**Exercise input**
-.-.-

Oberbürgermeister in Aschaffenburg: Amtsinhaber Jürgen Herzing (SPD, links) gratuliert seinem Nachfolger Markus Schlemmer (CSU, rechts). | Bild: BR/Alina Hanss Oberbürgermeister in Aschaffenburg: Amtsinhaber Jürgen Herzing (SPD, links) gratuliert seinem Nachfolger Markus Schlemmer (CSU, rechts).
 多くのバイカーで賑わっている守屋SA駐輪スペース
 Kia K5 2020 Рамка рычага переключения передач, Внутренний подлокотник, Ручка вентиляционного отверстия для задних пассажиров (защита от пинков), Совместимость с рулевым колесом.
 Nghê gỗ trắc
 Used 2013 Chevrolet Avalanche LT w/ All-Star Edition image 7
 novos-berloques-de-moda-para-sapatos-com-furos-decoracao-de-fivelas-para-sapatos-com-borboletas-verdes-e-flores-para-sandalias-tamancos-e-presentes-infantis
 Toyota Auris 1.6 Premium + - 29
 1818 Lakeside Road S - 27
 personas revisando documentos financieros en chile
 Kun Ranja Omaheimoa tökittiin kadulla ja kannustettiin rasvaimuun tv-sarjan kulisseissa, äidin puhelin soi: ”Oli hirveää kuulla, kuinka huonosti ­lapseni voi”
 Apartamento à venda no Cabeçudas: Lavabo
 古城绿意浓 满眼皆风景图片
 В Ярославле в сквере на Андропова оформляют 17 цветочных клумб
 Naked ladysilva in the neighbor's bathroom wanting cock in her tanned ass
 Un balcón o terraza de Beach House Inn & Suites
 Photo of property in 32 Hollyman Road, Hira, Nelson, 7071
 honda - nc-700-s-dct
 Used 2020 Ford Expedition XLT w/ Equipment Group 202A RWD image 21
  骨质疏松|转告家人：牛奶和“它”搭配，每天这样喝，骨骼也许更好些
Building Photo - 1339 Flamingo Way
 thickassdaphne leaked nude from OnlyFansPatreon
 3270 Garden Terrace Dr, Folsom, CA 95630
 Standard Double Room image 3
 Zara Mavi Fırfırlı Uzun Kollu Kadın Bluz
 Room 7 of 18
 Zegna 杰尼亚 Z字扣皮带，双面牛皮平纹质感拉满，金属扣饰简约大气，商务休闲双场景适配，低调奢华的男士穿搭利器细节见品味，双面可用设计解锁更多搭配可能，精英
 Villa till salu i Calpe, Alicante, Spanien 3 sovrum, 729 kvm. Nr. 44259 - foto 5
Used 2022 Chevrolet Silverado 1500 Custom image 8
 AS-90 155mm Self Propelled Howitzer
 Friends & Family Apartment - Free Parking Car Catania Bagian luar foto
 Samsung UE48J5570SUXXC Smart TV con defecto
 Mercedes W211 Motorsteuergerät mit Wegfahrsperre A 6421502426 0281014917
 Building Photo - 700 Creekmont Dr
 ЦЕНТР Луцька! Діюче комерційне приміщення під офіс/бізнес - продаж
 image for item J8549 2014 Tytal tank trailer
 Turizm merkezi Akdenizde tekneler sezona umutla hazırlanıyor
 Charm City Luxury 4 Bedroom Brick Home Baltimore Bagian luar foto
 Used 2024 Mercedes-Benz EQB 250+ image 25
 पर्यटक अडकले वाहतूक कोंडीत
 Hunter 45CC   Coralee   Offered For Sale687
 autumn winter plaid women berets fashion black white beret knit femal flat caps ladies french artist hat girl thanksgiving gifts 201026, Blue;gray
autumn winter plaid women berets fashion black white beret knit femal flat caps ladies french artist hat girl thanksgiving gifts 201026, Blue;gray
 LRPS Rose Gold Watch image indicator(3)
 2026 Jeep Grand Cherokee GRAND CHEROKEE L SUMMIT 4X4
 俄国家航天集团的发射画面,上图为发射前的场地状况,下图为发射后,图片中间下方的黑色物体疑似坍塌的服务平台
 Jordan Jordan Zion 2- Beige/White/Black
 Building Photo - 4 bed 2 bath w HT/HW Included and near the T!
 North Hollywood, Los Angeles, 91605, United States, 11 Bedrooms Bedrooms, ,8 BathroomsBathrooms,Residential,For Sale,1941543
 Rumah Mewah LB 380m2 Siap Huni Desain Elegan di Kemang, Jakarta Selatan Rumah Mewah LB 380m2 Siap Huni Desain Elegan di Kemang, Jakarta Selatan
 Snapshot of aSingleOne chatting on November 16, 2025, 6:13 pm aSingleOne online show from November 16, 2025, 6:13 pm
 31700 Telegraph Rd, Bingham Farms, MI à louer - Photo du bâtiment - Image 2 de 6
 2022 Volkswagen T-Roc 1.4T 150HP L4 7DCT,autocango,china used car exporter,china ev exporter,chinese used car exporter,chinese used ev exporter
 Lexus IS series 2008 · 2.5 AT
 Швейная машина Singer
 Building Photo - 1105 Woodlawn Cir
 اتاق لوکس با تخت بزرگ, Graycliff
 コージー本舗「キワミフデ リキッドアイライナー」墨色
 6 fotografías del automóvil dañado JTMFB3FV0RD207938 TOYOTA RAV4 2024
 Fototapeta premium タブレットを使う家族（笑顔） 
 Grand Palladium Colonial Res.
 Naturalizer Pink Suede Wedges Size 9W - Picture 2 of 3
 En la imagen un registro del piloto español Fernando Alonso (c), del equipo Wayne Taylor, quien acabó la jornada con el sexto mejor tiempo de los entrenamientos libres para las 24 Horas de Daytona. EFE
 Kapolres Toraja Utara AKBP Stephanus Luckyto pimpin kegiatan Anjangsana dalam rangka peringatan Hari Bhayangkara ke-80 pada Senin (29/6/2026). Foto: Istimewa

-.-.-

**What is required**
Please report all lines in the entries where "plaid" appears.

**Task solution**
 autumn winter plaid women berets fashion black white beret knit femal flat caps ladies french artist hat girl thanksgiving gifts 201026, Blue;gray
autumn winter plaid women berets fashion black white beret knit femal flat caps ladies french artist hat girl thanksgiving gifts 201026, Blue;gray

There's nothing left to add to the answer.